EXERCISE REQUIREMENTS
Instruction for the listing below: copy exactly, and only, the lines from the one holding "Bamberg, Bavorsko Prenájom" through its last line, omitting any picture.

STORED DATA

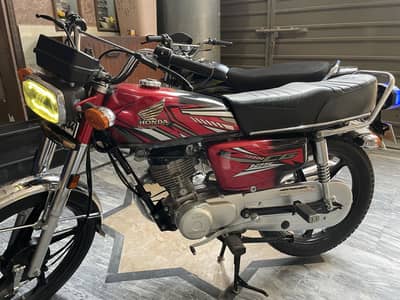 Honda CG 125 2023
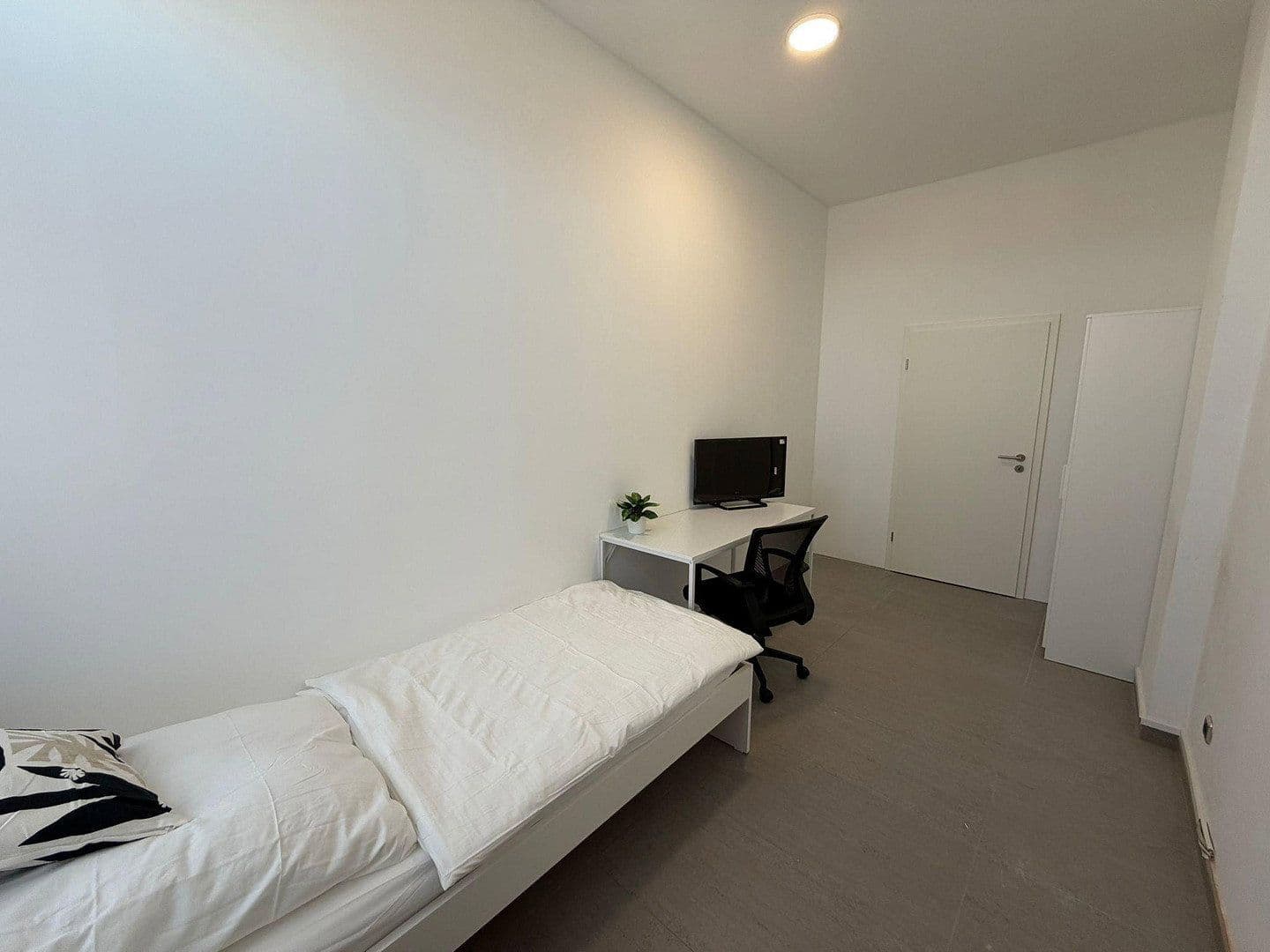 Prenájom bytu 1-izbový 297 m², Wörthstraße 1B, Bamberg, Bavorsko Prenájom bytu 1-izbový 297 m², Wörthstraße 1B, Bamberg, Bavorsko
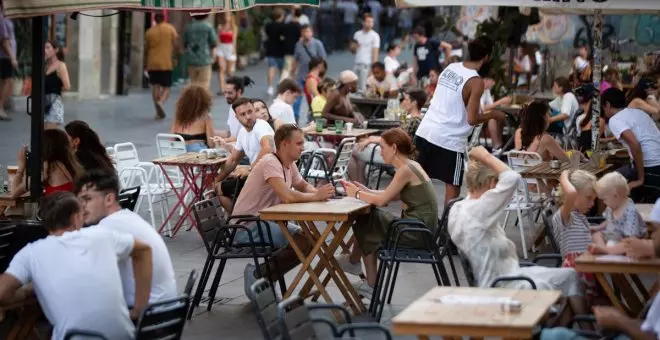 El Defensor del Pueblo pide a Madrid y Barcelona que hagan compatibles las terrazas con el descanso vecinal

ANSWER BELOW
 Prenájom bytu 1-izbový 297 m², Wörthstraße 1B, Bamberg, Bavorsko Prenájom bytu 1-izbový 297 m², Wörthstraße 1B, Bamberg, Bavorsko
 El Defensor del Pueblo pide a Madrid y Barcelona que hagan compatibles las terrazas con el descanso vecinal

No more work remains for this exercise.